The value of paper is also reconsidered by Barbara Schrobenhauser’s Time is on my side - Blue like the future vessel. Schrobenhauser creates her vessels from pulped paper mixed with various pigments and materials, pressed into specially made moulds. The deceptively lightweight vessels have a colouring and texture akin to a heavy stone, their size suggesting a ritualistic purpose. Schrobenhauser takes advantage of our material associations and assumptions to channel thoughts of time, memory and perception.
Use
The ongoing discourse surrounding function and the craft object’s tie to it, are no less present in these contemporary works. In her essay “The Maker’s Eye”, British ceramicist Alison Britton (1982, 442) contemplates the distinction between the “prose” and “poetic” object, and the potential for the vessel to oscillate between the two. In acknowledging that the vessel will always be answerable to a question of function, Britton highlights an opportunity to redefine use.

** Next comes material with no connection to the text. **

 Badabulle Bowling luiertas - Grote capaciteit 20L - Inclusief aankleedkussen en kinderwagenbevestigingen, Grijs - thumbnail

In her Heavy water (Fukushima butterflies) vessel, Inari Kiuru references the form and function of the Japanese mizusashi water container. An ongoing exploration in her work is the rapid mutation of butterflies following the Fukushima radioactive accident. Utilising concrete and steel, materials inherently tied to function, she reflects on the convergence of the industrial and natural worlds. What Kiuru achieves is a poetic and contemplative object which references and fulfils function in its most utilitarian sense.

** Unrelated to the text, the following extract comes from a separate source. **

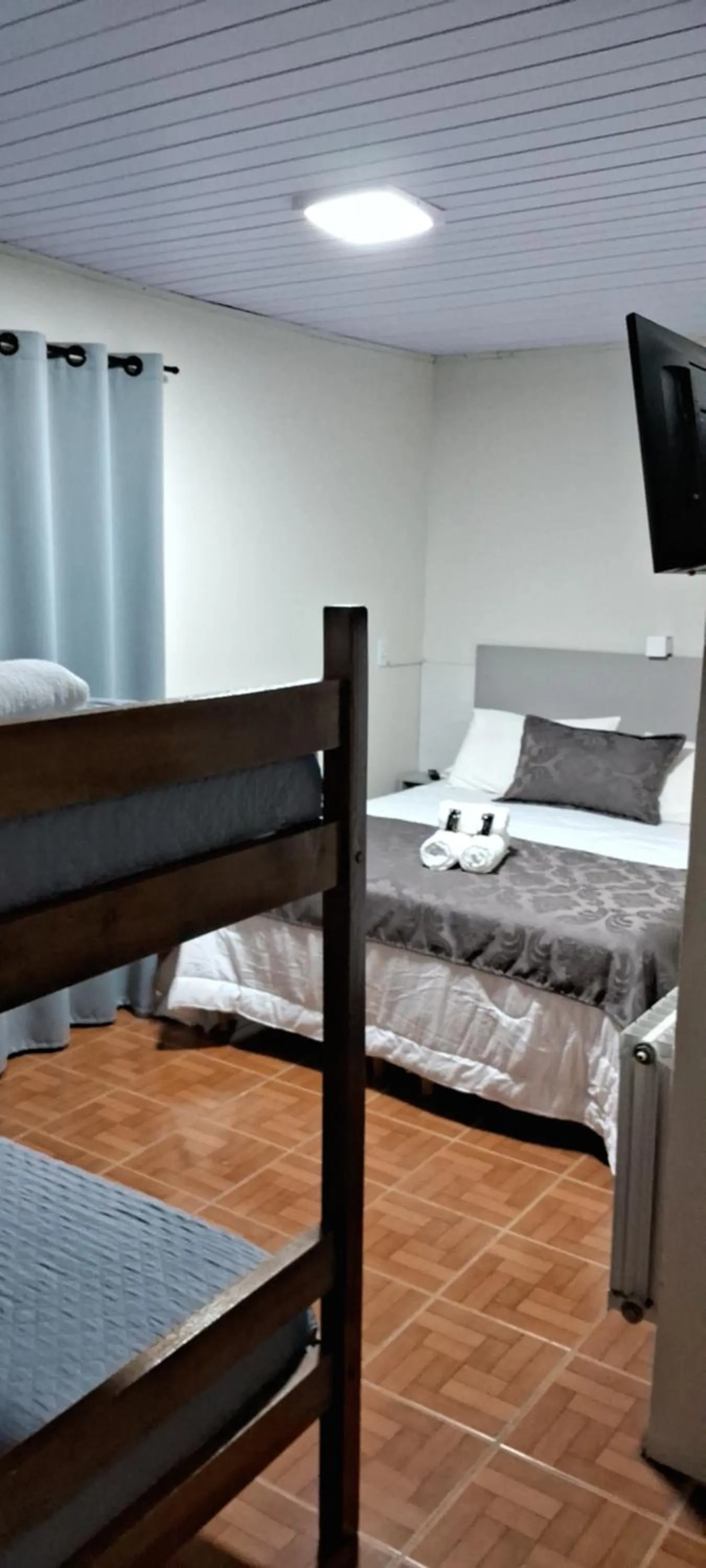 Bed in Pousada Paraíso da Serra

The question of function is met with no sense of constraint in Vito Bila’s Vessel Cluster #1. By Bila’s own definition, these are non-functional, although there is form, materiality and construction processes associated with utilitarian objects. Made from copper and stainless steel, the vessels expose oxides, tool markings and welded seams to reveal a dialogue between maker and material. Bila employs the language of traditional silversmithing to create new associations and redefine the craft object’s relationship to function.
The artists in this exhibition represent a myriad of approaches and perceptions in regards to making, narrative, value and use. As an object embedded in human experience, the vessel is profound in its quotidian nature. Contemporary interpretations serve to honour the vessel’s place in our lives, whilst also challenging it. Just as the word ‘hold’ carries so much rich association in its semantic scope, these works embody the vessel’s power as a truly polysemic object.

Britton, Alison. 1982. "The Maker’s Eye" In The Craft Reader, edited by Glenn Adamson, 441-444. New York: Berg.Ingold, Tim. “Knowing from the inside” In Making: Anthropology, archaeology, art and architecture, 1-16. Oxon:Routledge, 2013.